----- Information provided
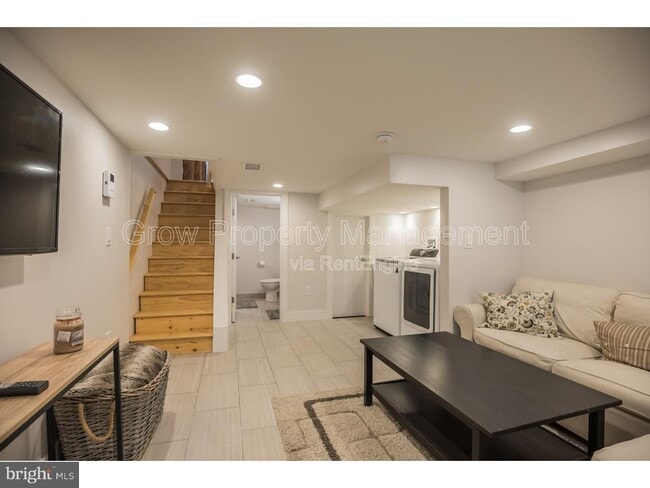 533 Manton St in Philadelphia, PA - Building Photo - Building Photo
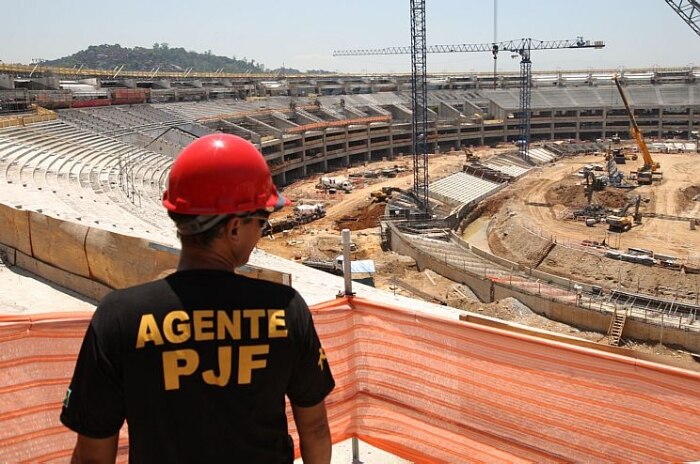 Membros do Comitê Organizador Local da Copa (COL), Ronaldo e Bebeto visitaram as obras  do Maracanã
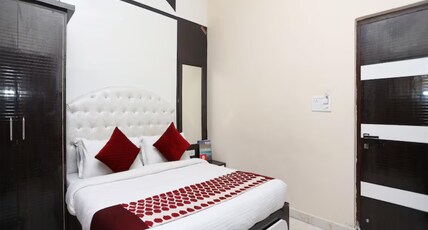 Hotel Shashi Residency Room Type - FOUR BED FAMILY ROOM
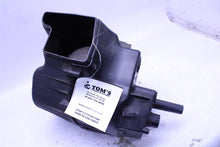 Load image into Gallery viewer, AIR CLEANER BOX Audi A8 2015 15 2016 16 2017 17 2018 18 - 1390943
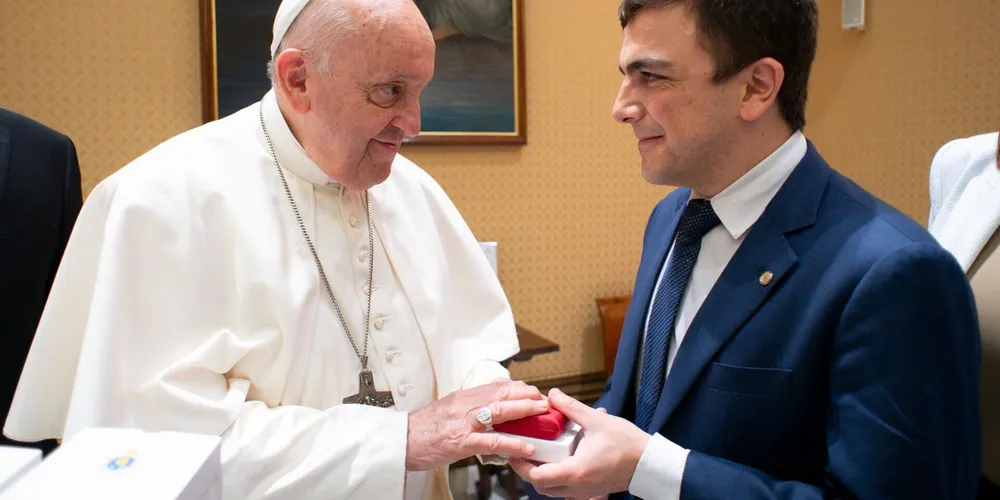 Aliel Machado (PV) teve encontro com o Papa Francisco em 2023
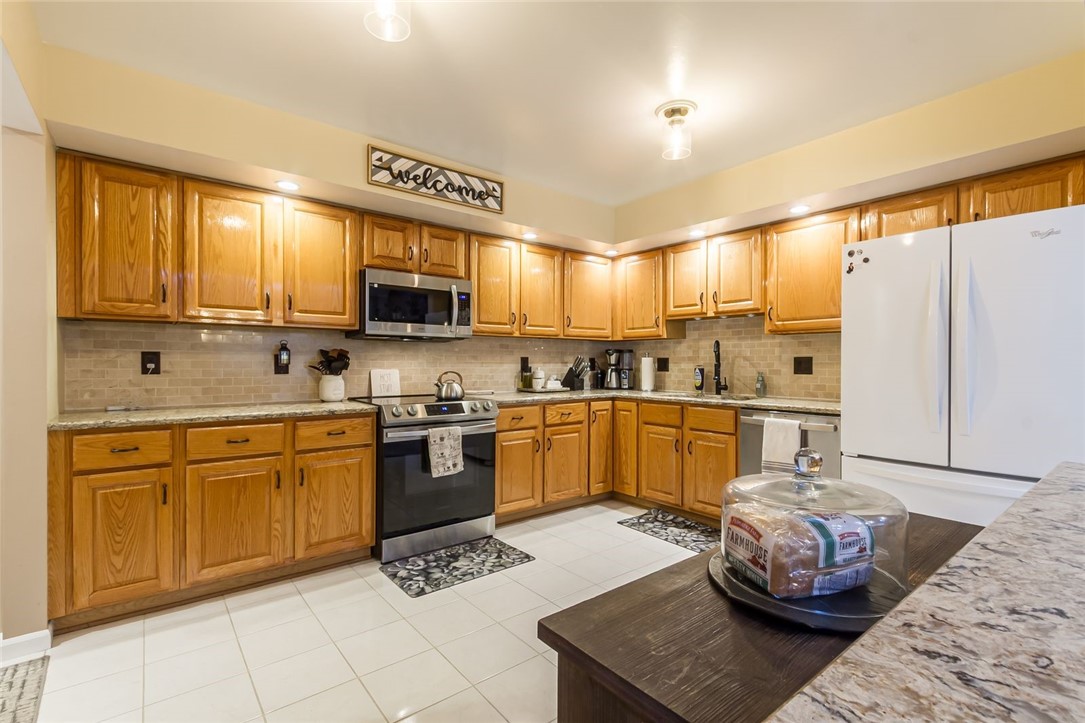 302 Marina View Lane Webster, NY 14580 - Photo 12 of 37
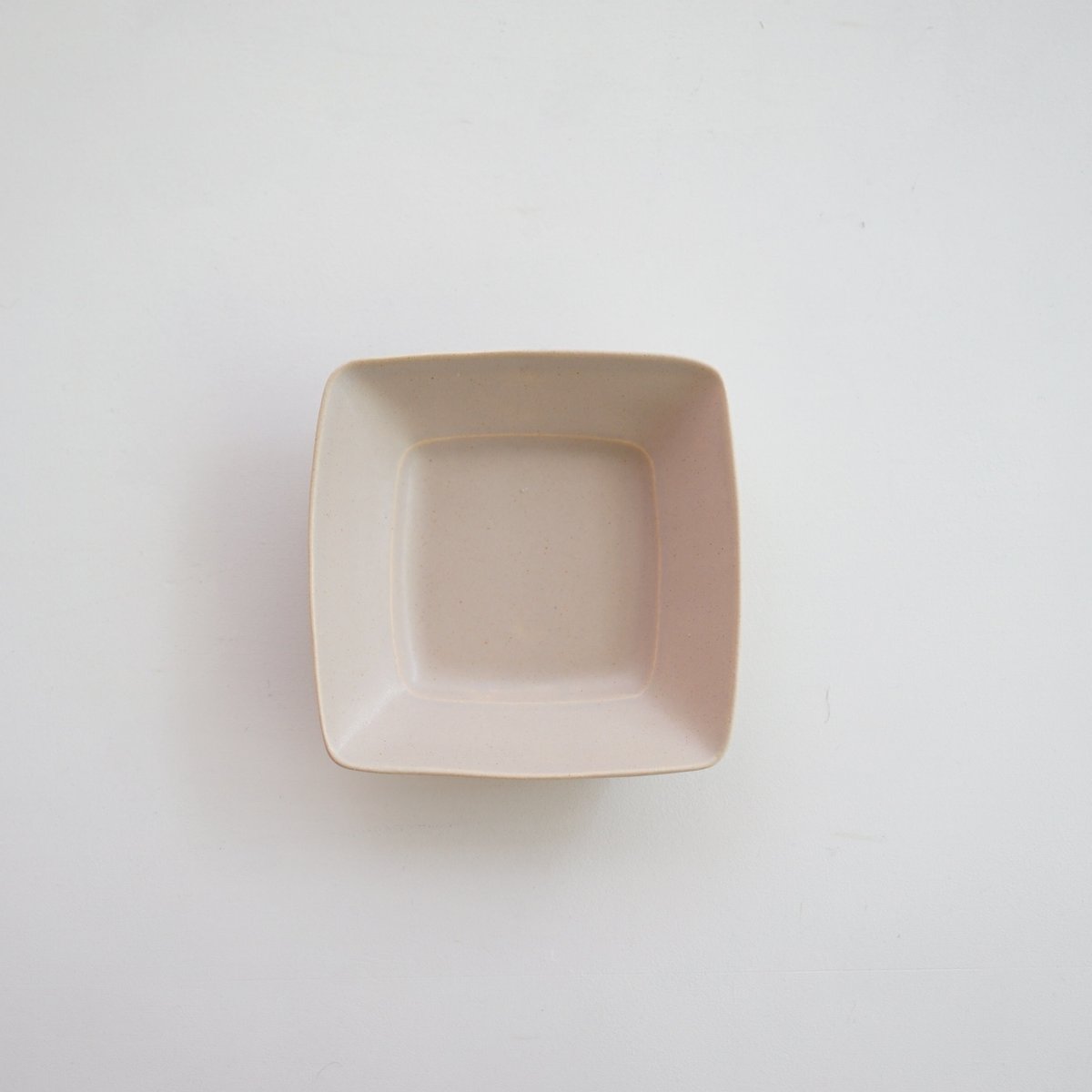 安藤雅信　リム細正角皿　LM 白マット釉 安藤雅信】リム細正角皿 LM（白マット釉） | ギャルリ百草 online store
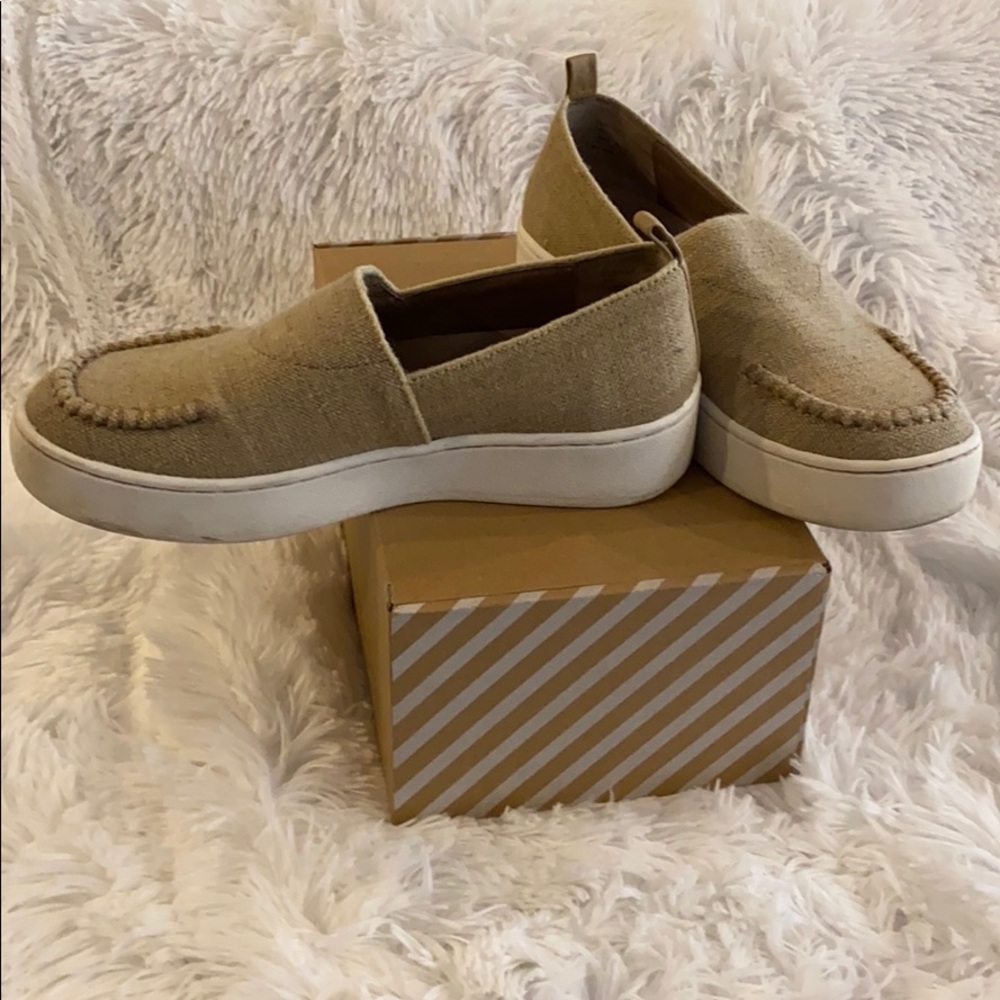 Donald /Pliner platform sneaker
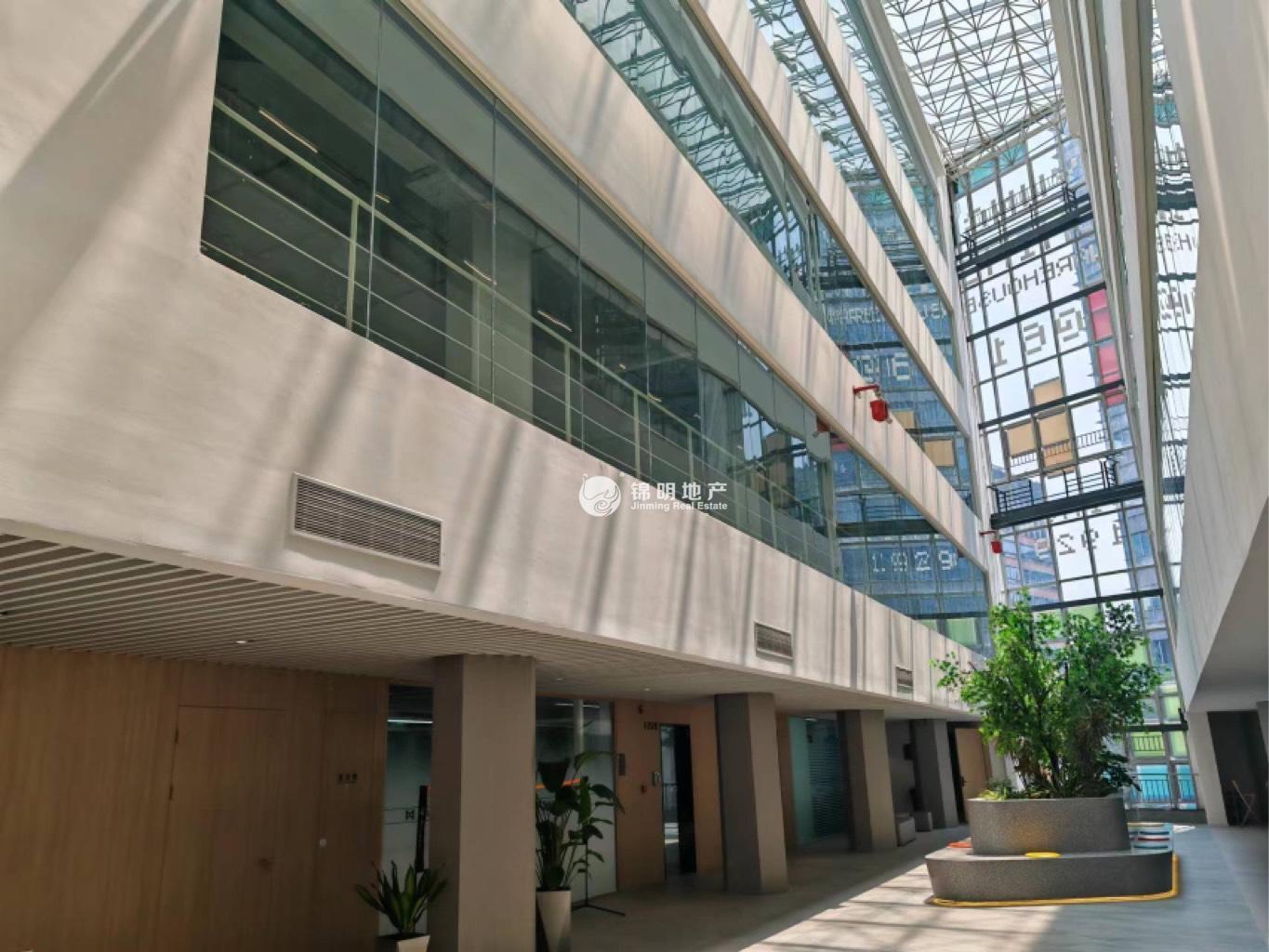 北外滩百空间永兴仓库371平米写字楼出租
----------
- What is required:
Skip the images and set down the rest of the data unchanged.

- Exercise answer:
 533 Manton St in Philadelphia, PA - Building Photo - Building Photo
 Membros do Comitê Organizador Local da Copa (COL), Ronaldo e Bebeto visitaram as obras  do Maracanã
 Hotel Shashi Residency Room Type - FOUR BED FAMILY ROOM
 Load image into Gallery viewer, AIR CLEANER BOX Audi A8 2015 15 2016 16 2017 17 2018 18 - 1390943
 Aliel Machado (PV) teve encontro com o Papa Francisco em 2023
 302 Marina View Lane Webster, NY 14580 - Photo 12 of 37
 安藤雅信　リム細正角皿　LM 白マット釉 安藤雅信】リム細正角皿 LM（白マット釉） | ギャルリ百草 online store
 Donald /Pliner platform sneaker
 北外滩百空间永兴仓库371平米写字楼出租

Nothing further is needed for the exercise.